TheMongoose · 1d ago
Desperate to outsource their thinking, too lazy to punch a few keys and jostle a few brain cells into contacting one another.
onecommentman · 1d ago
I’m guessing it’s a high-frequency trading sort of situation, trying to predict when a phase shift occurs in either the acceptance or rejection of AI coding by continuous pulsing of the collective consciousness of HN. Then correlating that with events such as the roll-out of AI releases, general hype, etc. to see what made a difference to cause a bit-flip. I think the questions are too ill-specified to gain much insight from, but asking is free.

Or “they” have so little general visibility into what’s actually happening at a grass roots level, that “they” are desperate for any news from the front. Again, asking is free. Let’s hope they don’t start using other HFT techniques.

sargstuff · 1d ago
For same reason AI controled surgery isn't going to replace surgical school experience.

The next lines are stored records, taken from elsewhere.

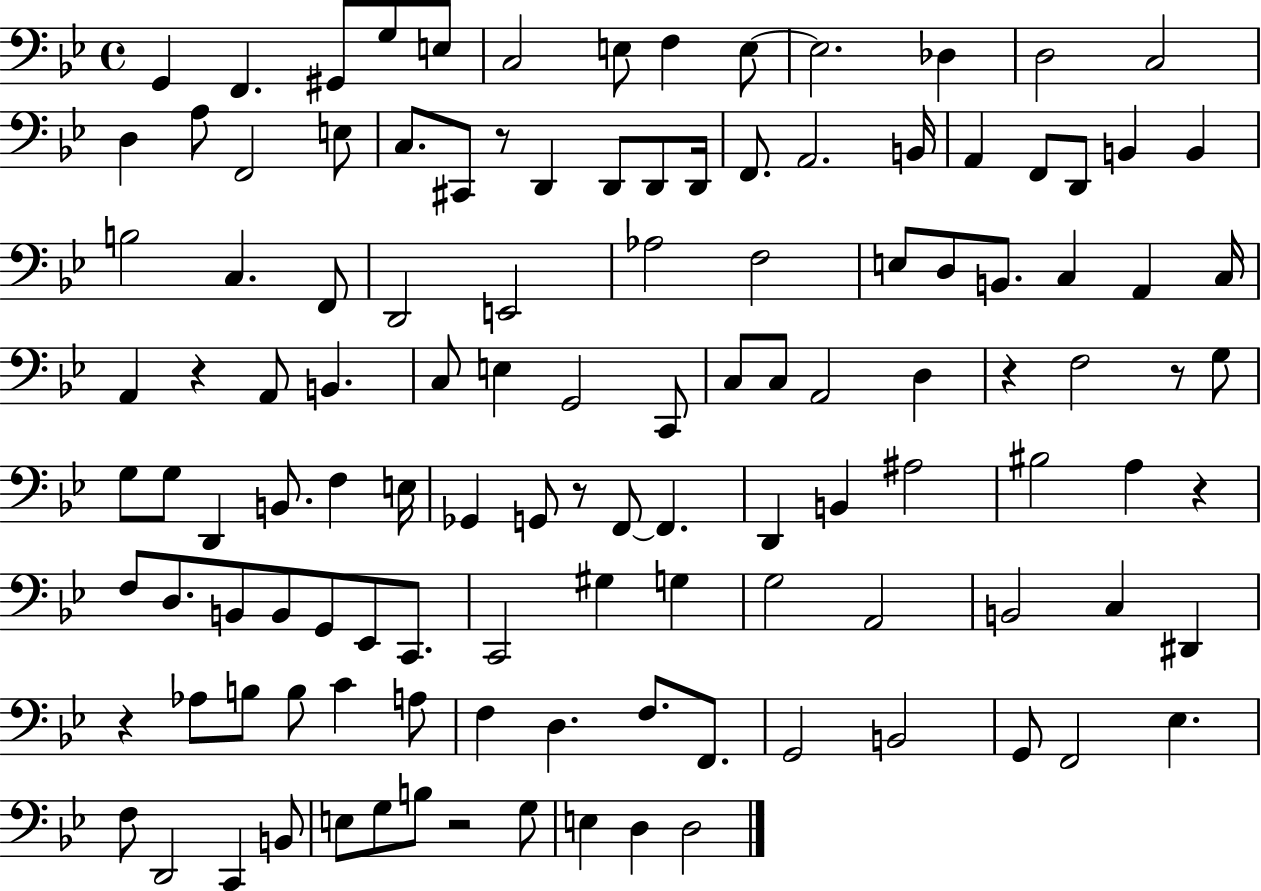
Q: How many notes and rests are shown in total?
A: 120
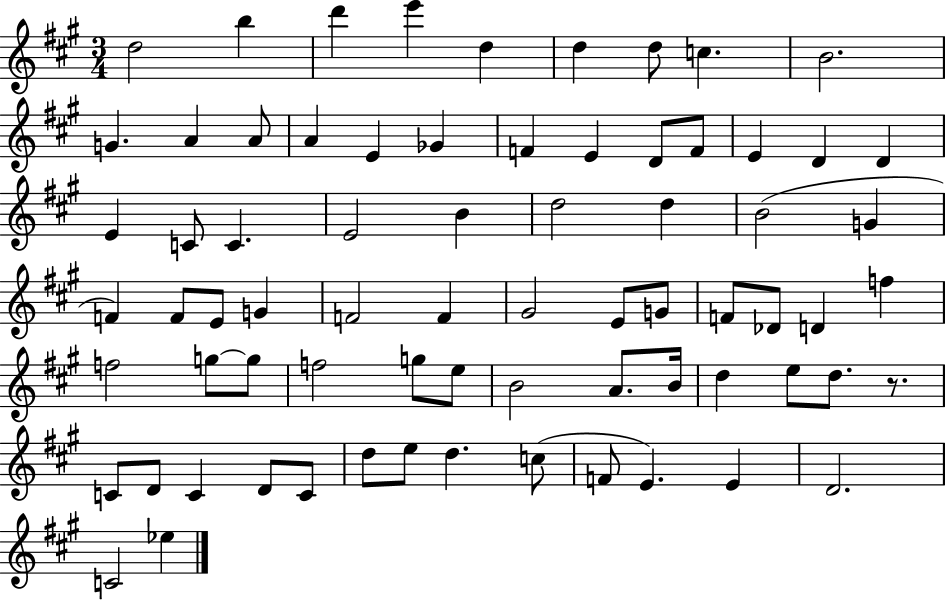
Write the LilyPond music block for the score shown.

{
  \clef treble
  \numericTimeSignature
  \time 3/4
  \key a \major
  d''2 b''4 | d'''4 e'''4 d''4 | d''4 d''8 c''4. | b'2. | \break g'4. a'4 a'8 | a'4 e'4 ges'4 | f'4 e'4 d'8 f'8 | e'4 d'4 d'4 | \break e'4 c'8 c'4. | e'2 b'4 | d''2 d''4 | b'2( g'4 | \break f'4) f'8 e'8 g'4 | f'2 f'4 | gis'2 e'8 g'8 | f'8 des'8 d'4 f''4 | \break f''2 g''8~~ g''8 | f''2 g''8 e''8 | b'2 a'8. b'16 | d''4 e''8 d''8. r8. | \break c'8 d'8 c'4 d'8 c'8 | d''8 e''8 d''4. c''8( | f'8 e'4.) e'4 | d'2. | \break c'2 ees''4 | \bar "|."
}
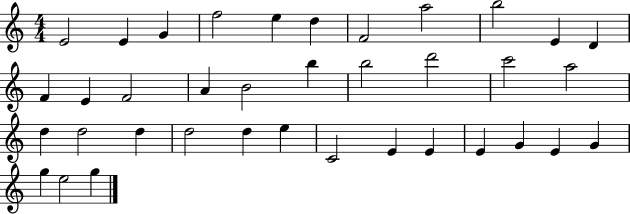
E4/h E4/q G4/q F5/h E5/q D5/q F4/h A5/h B5/h E4/q D4/q F4/q E4/q F4/h A4/q B4/h B5/q B5/h D6/h C6/h A5/h D5/q D5/h D5/q D5/h D5/q E5/q C4/h E4/q E4/q E4/q G4/q E4/q G4/q G5/q E5/h G5/q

Have to have backround to understand tool(s) using in order to supervise/know what's the right/appropriate tool for job(s)/task(s).

sargstuff · 1d ago
> i find myself building some new niche tool almost daily. so the notion of ai "replacing programmers" seems kinda odd because most of my friends and I just still build stuff and jump in to tweak code here and there. our desire to build stuff and be on our IDEs every day still hasnt gone anywhere.

From scratch, try something in range of 1 million or more lines of code for basic functionality. aka OS, database management system, video editor, etc.